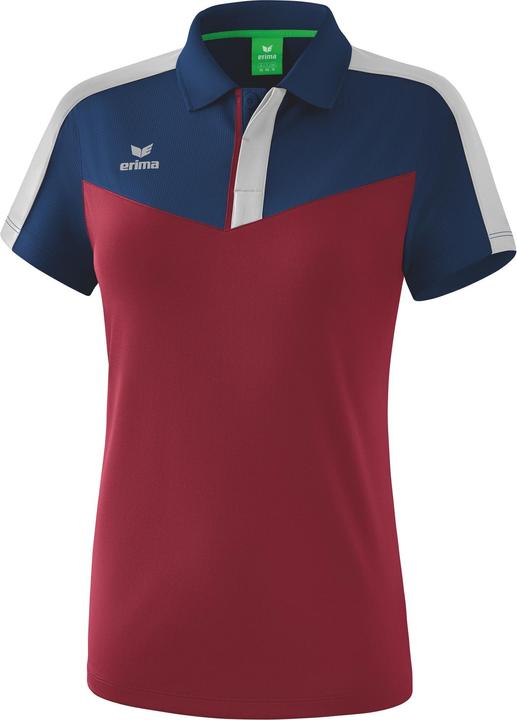 Erima Squad Poloshirt Damen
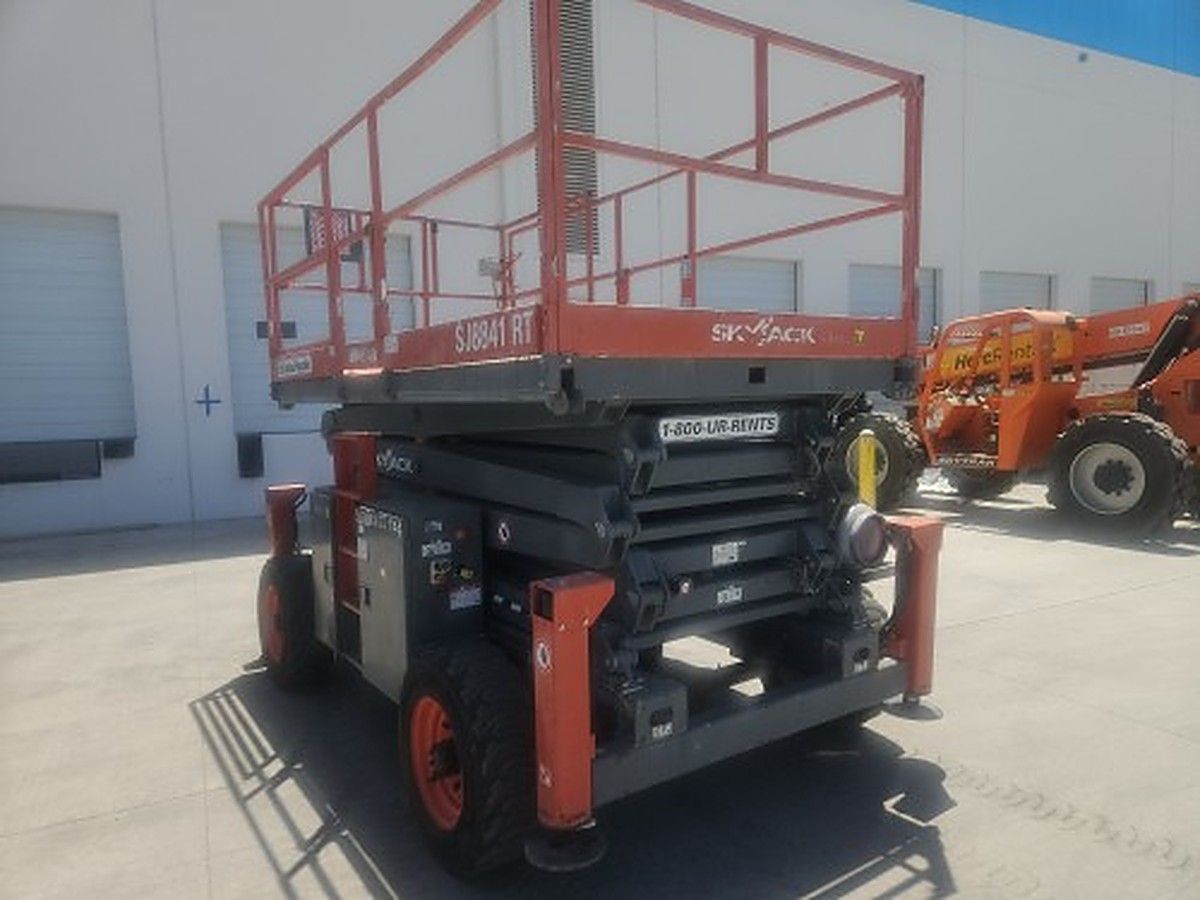 SKYJACK SJ8841RT photo 2
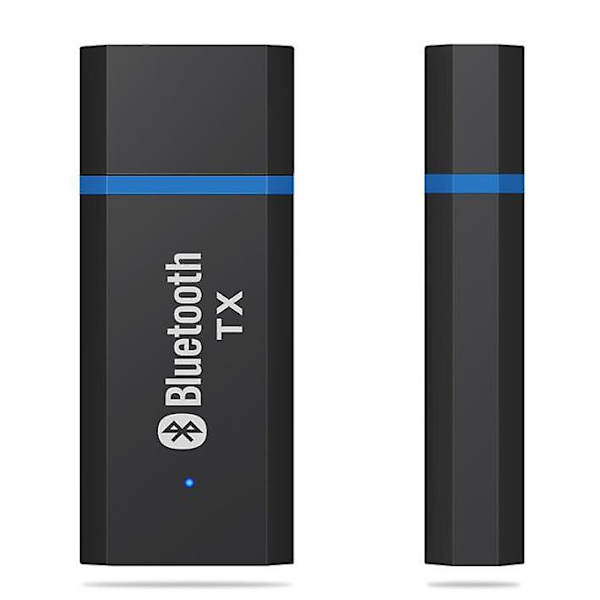 Usb Bluetooth 5.0 -sovitin, TV-tietokoneen äänilähetinsovitin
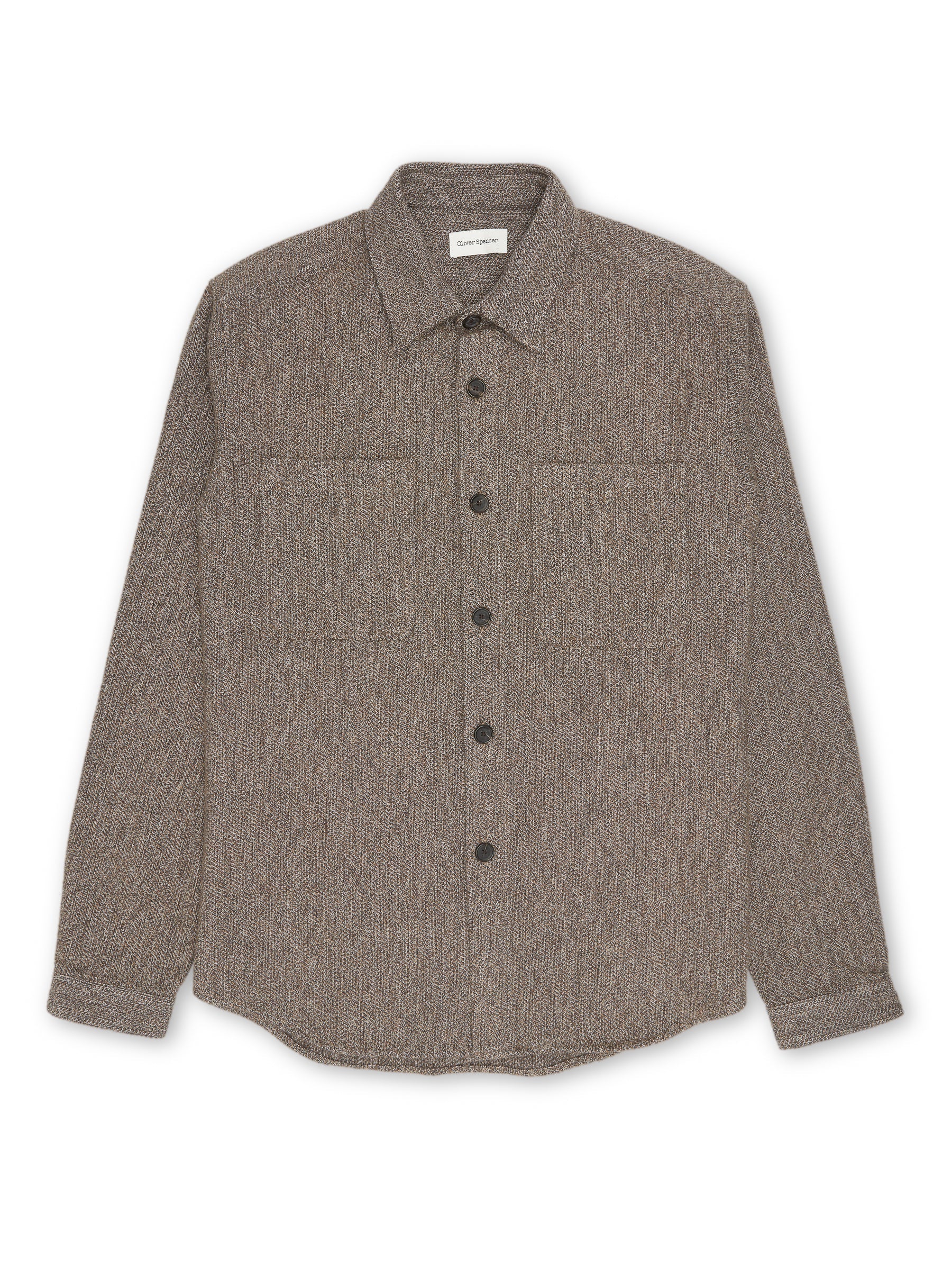  Treviscoe Shirt Adler Fawn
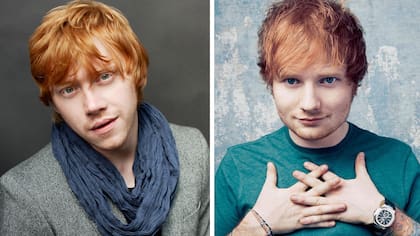 Rupert y Ed, ¿parecidos?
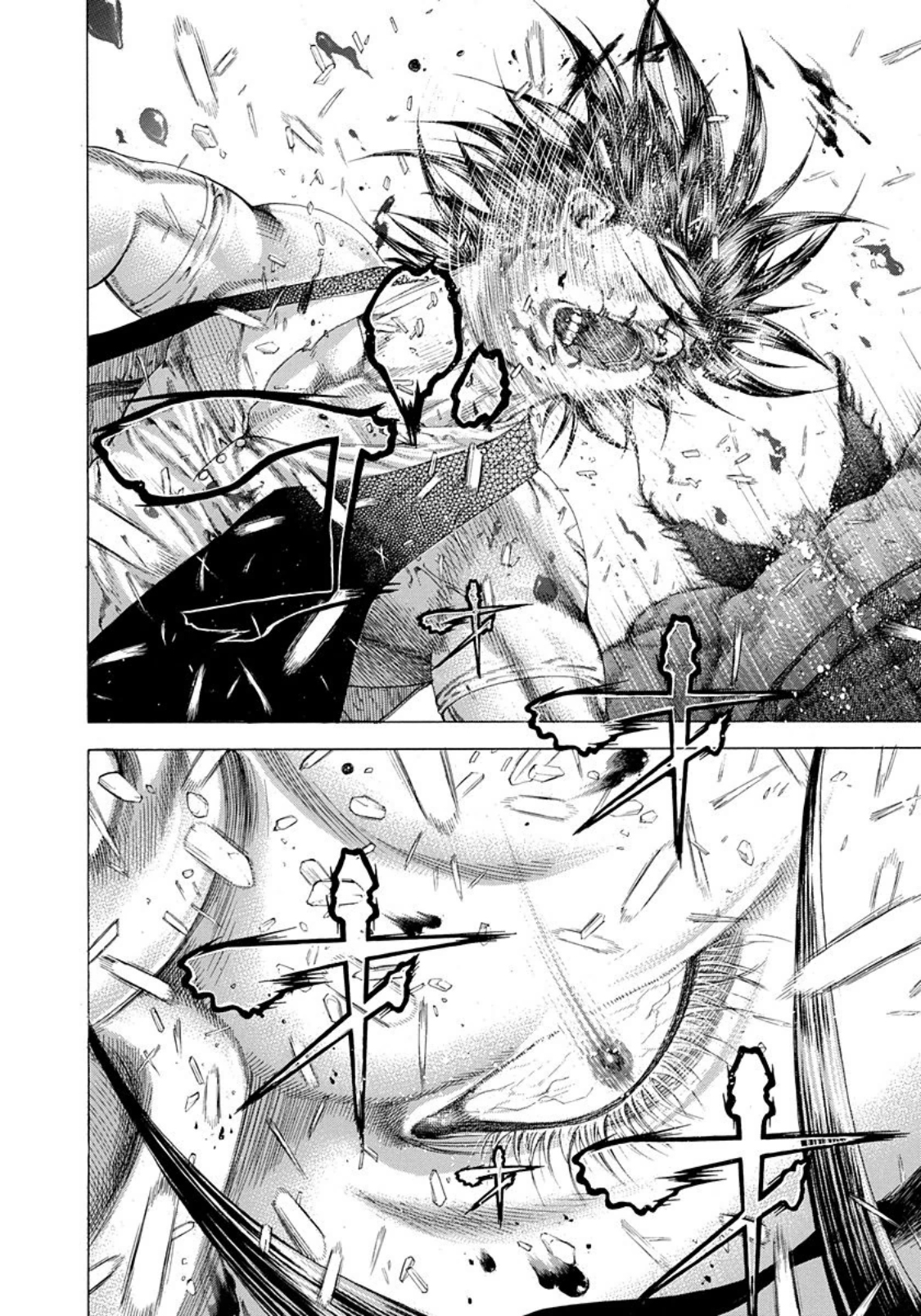 Read Usogui ENGLISH Manga Online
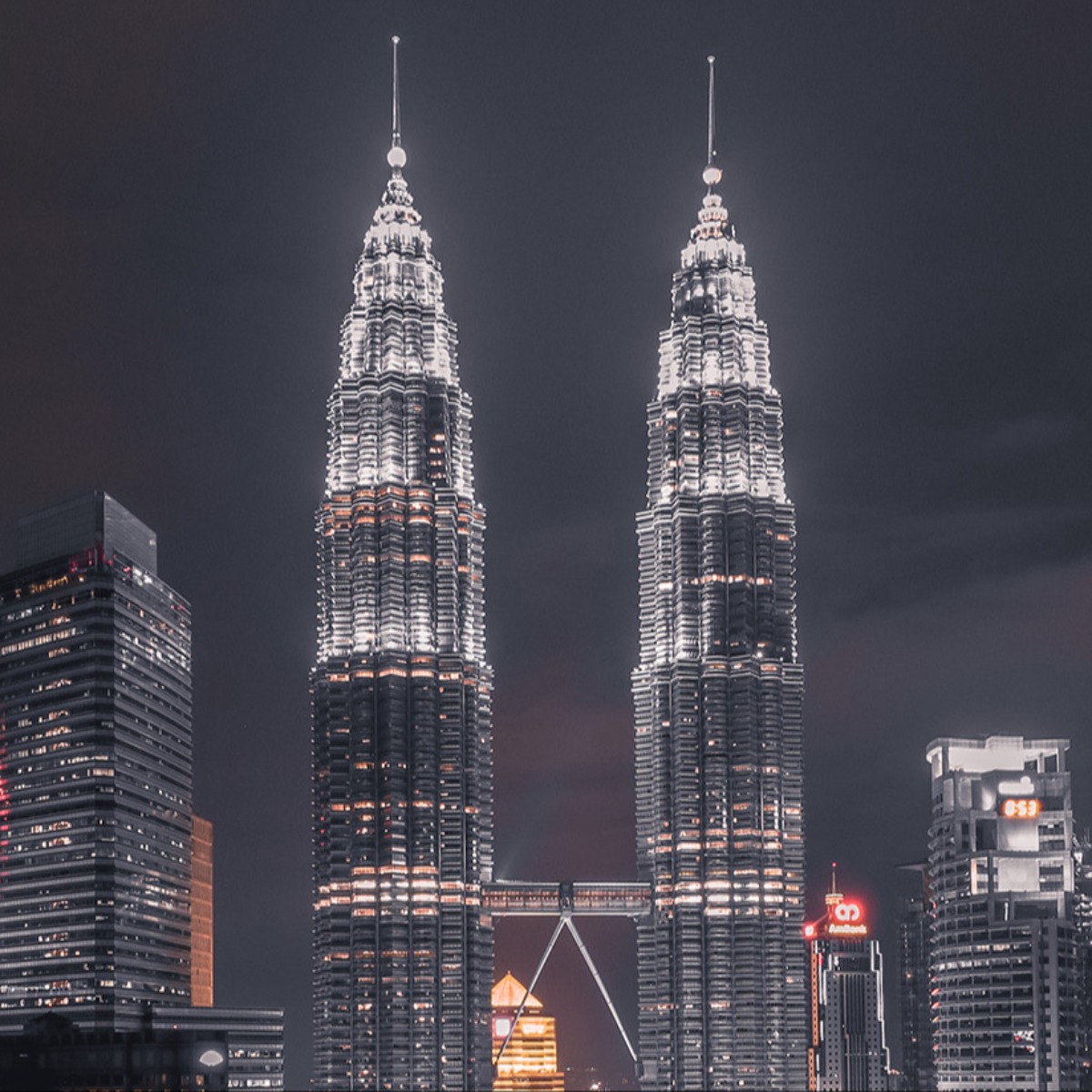 Image for card with title Kuala Lumpur City Centre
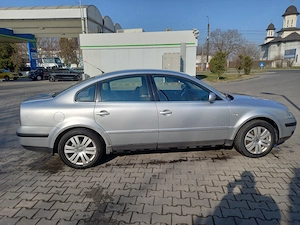 Volkswagen Passat 5.5, 1.9 tdi, 130 cp, 6 viteze - imagine 7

□ □ □ □ □

*YOUR TASK:* Leaving out the pictures, repeat all of the entries exactly.

*SOLUTION TO THIS EXERCISE:*
 Erima Squad Poloshirt Damen
 SKYJACK SJ8841RT photo 2
 Usb Bluetooth 5.0 -sovitin, TV-tietokoneen äänilähetinsovitin
  Treviscoe Shirt Adler Fawn
 Rupert y Ed, ¿parecidos?
 Read Usogui ENGLISH Manga Online
 Image for card with title Kuala Lumpur City Centre
 Volkswagen Passat 5.5, 1.9 tdi, 130 cp, 6 viteze - imagine 7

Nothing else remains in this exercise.